*** Opening of Provided material ***

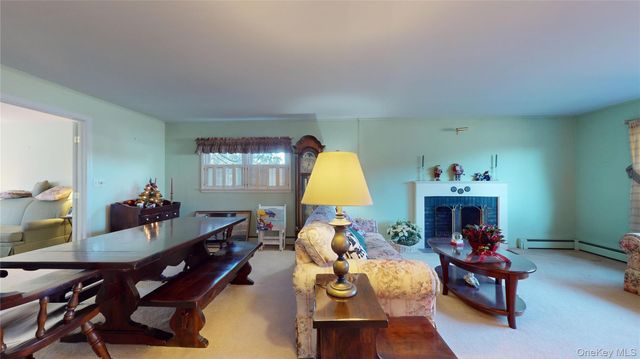 121 Aspatuck Road, Westhampton Beach, NY 11978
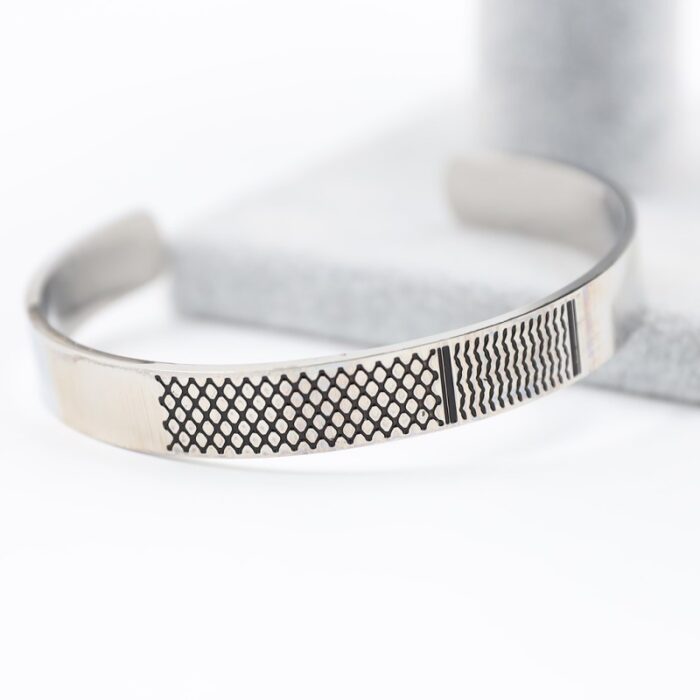 ⁦سوار فضي بتصميم كوفية⁩ - الصورة ⁦2⁩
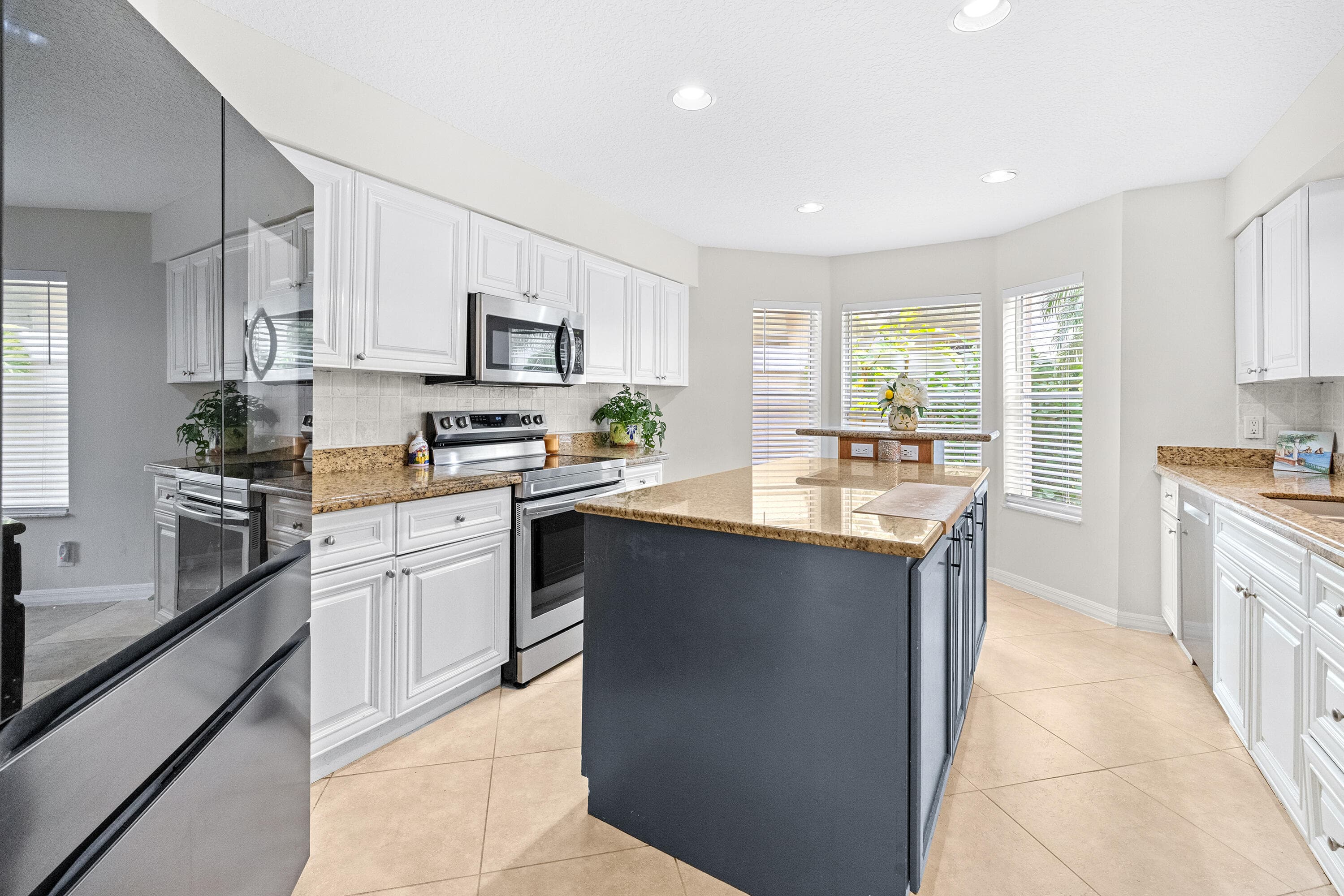 218 W Canterbury Dr W W, Palm Beach Gardens, FL 33418 — photo 8 of 47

*** Close of Provided material ***

Problem details:
Reproduce word for word only the lines between the line containing "- الصورة ⁦2⁩" and the end of the listing above, both included, and drop any pictures.

Written response:
 ⁦سوار فضي بتصميم كوفية⁩ - الصورة ⁦2⁩
 218 W Canterbury Dr W W, Palm Beach Gardens, FL 33418 — photo 8 of 47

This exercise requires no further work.